Dans l'exercice présenté ici, le choix des documents n'avait pas été confié
aux élèves. En effet, le cours sur les médias venait juste d'être entamé,
et c'était donc au professeur de prendre en main cet élément de l'activité
qui outrepassait les compétences de ses élèves. Cette première étape
pourrait être confiée à des élèves à la fin du chapitre, à l'occasion d'une
évaluation. Plusieurs documents pourraient alors être proposés, à charge
pour eux d'en choisir un ou deux, et de motiver leur choix. Etape 2 : choix du paratexte avec lequel vont être présentés les documents.
Par « paratexte » nous entendons les informations qui accompagnent chaque
document. Ce choix est primordial, car c'est à ce moment-là que le
professeur décide du nombre d'indices qu'il va livrer à ses élèves. Dans le
manuel Hatier où se trouvaient les deux documents, l'auteur du chapitre
proposait ainsi un titre pour le document 1 (la une de Psst ... !):
« Dreyfus, agent de l'étranger ». Voilà un indice de lecture qu'on pouvait
choisir de donner ou non. Il était possible également d'expliciter dans le
premier document le casque à pointe, la représentation stéréotypée d'un
juif ou encore le masque de Zola. Impossible en effet pour des élèves, sans
ces signifiants, de comprendre les signifiés qui leur correspondent.
Dans leur devoir, les élèves ont donc proposé différents paratextes,
variant les niveaux de difficultés : certains se sont contentés d'indiquer
l'auteur, la source et la date de la caricature, d'autres sont allés plus
loin. Ainsi, cet élève, D., propose d'identifier le casque prussien, la
caricature stéréotypée du juif, et le masque d'un auteur français - sans
préciser qu'il s'agit de Zola - :
[pic] C. va plus loin encore en proposant de mettre en relation la caricature
avec le J'accuse d'E.Zola, permettant, outre de resituer la caricature dans
son contexte, de remarquer l'analogie formelle entre le titre de Psst... !
et le J'accuse ... ! : Psst... ! reprend en effet les trois points de
suspension terminées par un point d'exclamation de l'article d'E.Zola. Cet
indice invite alors à comparer les moyens utilisés par le dessinateur et
par l'écrivain pour convaincre : alors que Zola fait le choix d'un texte
dense et argumenté, qui nécessite une lecture longue et attentive, les
auteurs de Psst... !, Caran d'Ache et Forain font le choix de présenter des
caricatures, au message simpliste et immédiat. [pic]

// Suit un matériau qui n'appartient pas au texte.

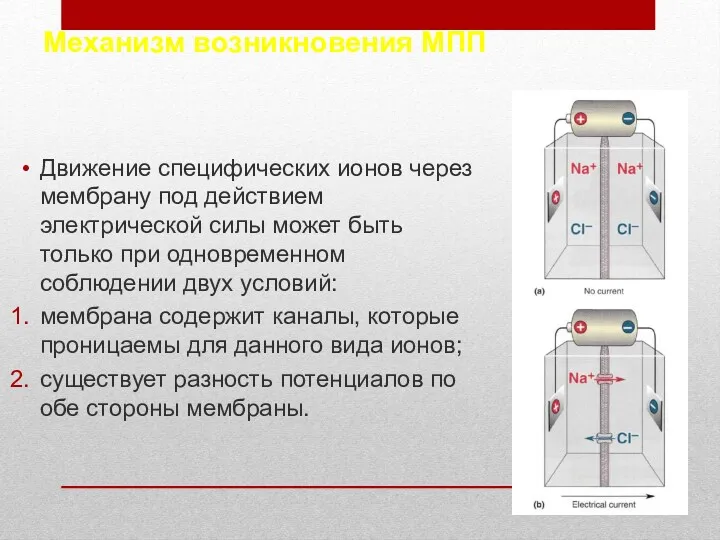 Механизм возникновения МПП Движение специфических ионов через мембрану под действием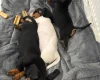 Dachshund (Smooth Haired)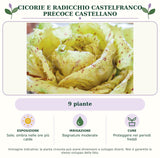 Cicorie e Radicchio Castelfranco precoce Castellano: 9 piante. Sole; ombra nelle ore più calde. Bagnature moderate. Proteggere nei periodi freddi. Immagine indicativa.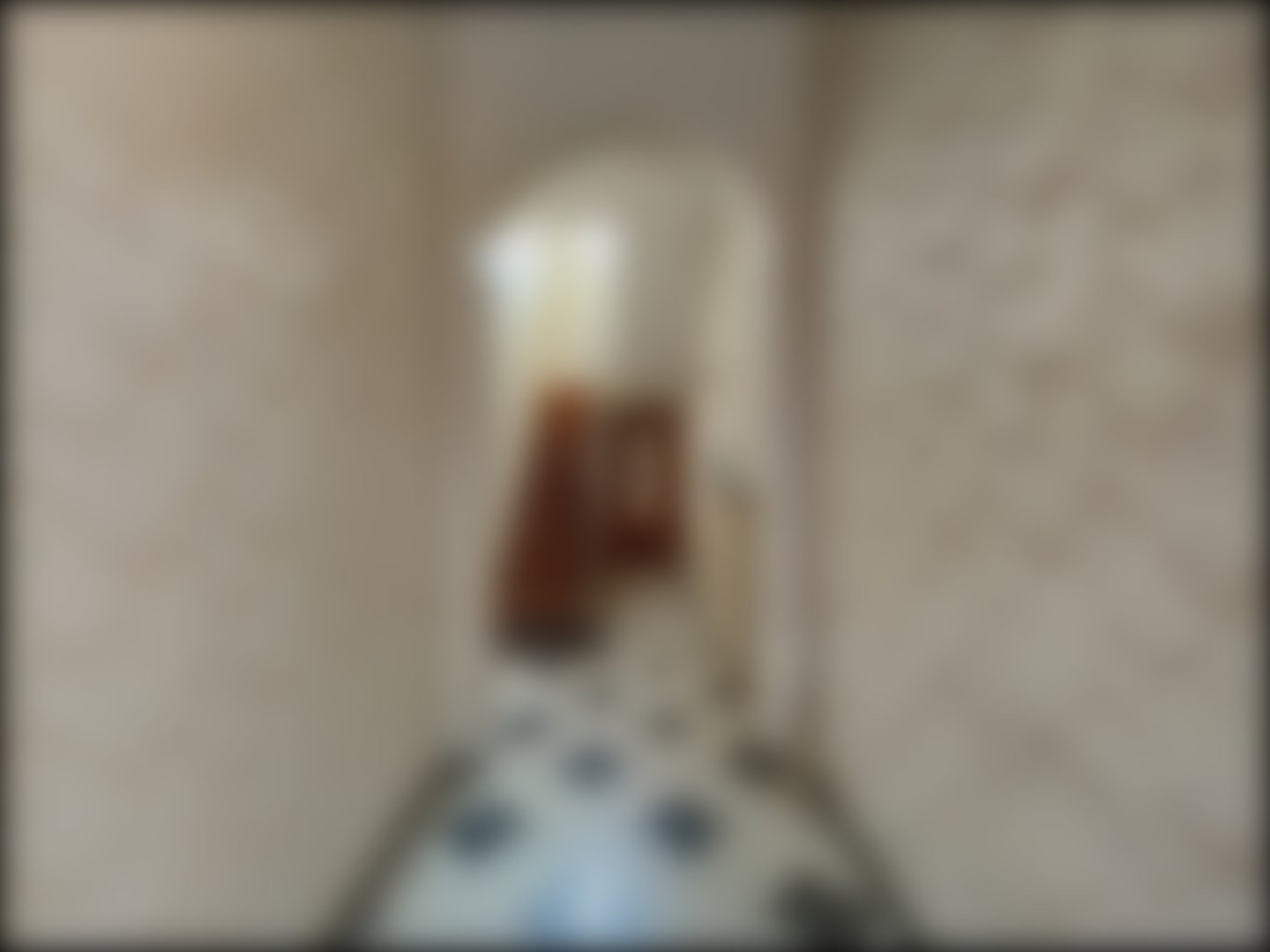 loading blurry tour image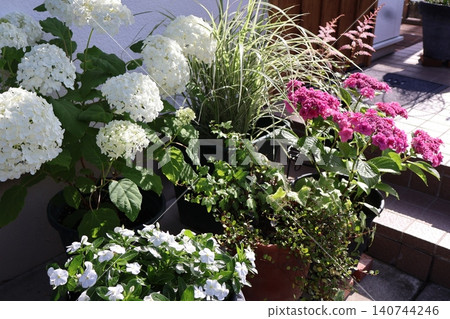 A potted arrangement of flowers in front of the entrance in early summer 140744246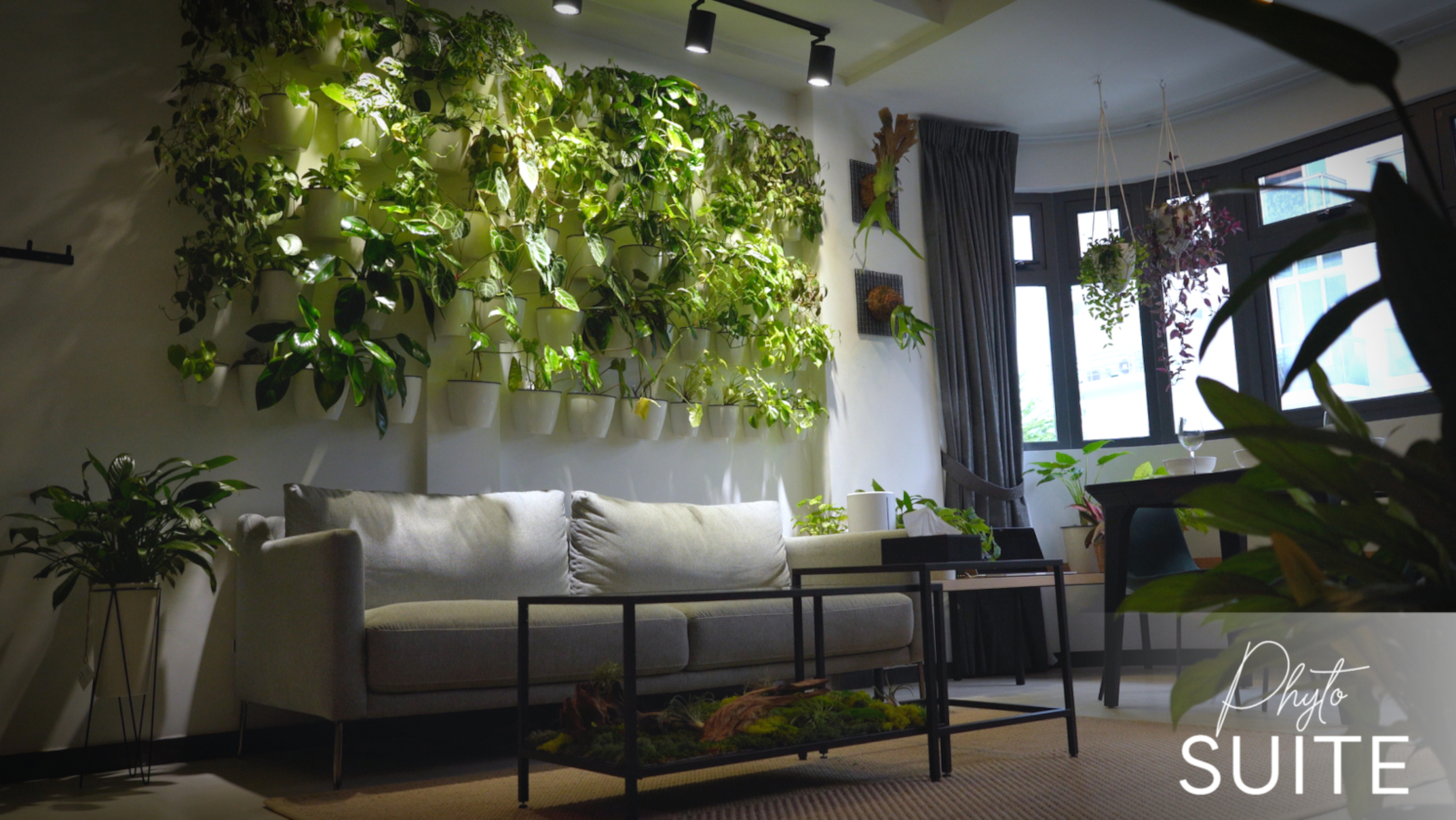 Phyto Suite Singapore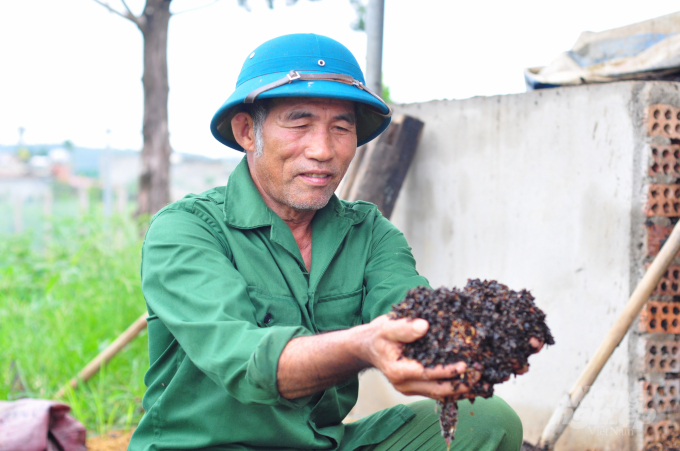 Mr. Pha composting organic fertilizers for the crops on his own. Photo: Minh Hau.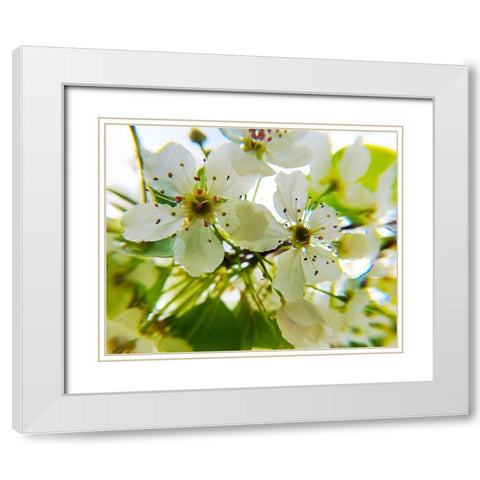 Hawthorn Bloom II White Modern Wood Framed Art Print with Double Matting by Popcorn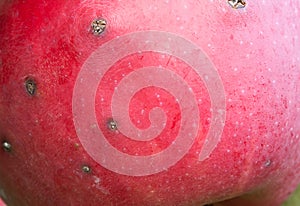 Texture the rind of a ripe red apple with scab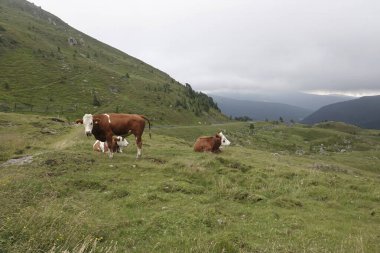 Doğal klasik manzara geniş açılı bir Avusturya ineğinin Alp Dağları 'ndaki bir çayırda çanı var.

C. et D. utilisent ensuite la même démarche pour le doc 2 :
[pic] [pic] Là encore, on remarque que C. donne davantage d'indices concernant le
contexte dans lequel a été réalisée le dessin. Etape 3 : définir la consigne
Dans cette étape, il s'agissait de définir une consigne à donner aux
élèves. Trouver la « bonne consigne » est d'autant plus important qu'avec
la nouvelle épreuve du bac, les élèves ne disposent plus de questions sur
les documents, qui leur servaient auparavant de guide. Ainsi, jusqu'à
l'année dernière, 4 à 5 questions étaient posées aux élèves : la première
question suggérait à l'élève de présenter le document (il n'y en avait
alors qu'un) et de donner des éléments du contexte, ce qui revenait à faire
une introduction. Les questions 2, 3, éventuellement 4 permettaient
d'étudier le/les documents en fonction de deux ou trois axes, elles leur
donnaient donc le plan. La cinquième question invitait les élèves à
indiquer l'intérêt du document et ses limites, et donc à conclure. Ce guide
présentait des défauts, ne serait-ce qu'à cause de son caractère
contraignant. De plus, sa fonction de guide était souvent mal comprise par
les élèves, qui se contentaient alors de répondre aux questions de manière
lapidaire (pour caricaturer, par « oui » ou par « non ») ou en faisant des
phrases qui commençaient par « parce que ». Mais ce guide était très utile
aux élèves en difficulté. Depuis cette année, la consigne doit être
d'autant plus explicite qu'il n'y a plus de guide.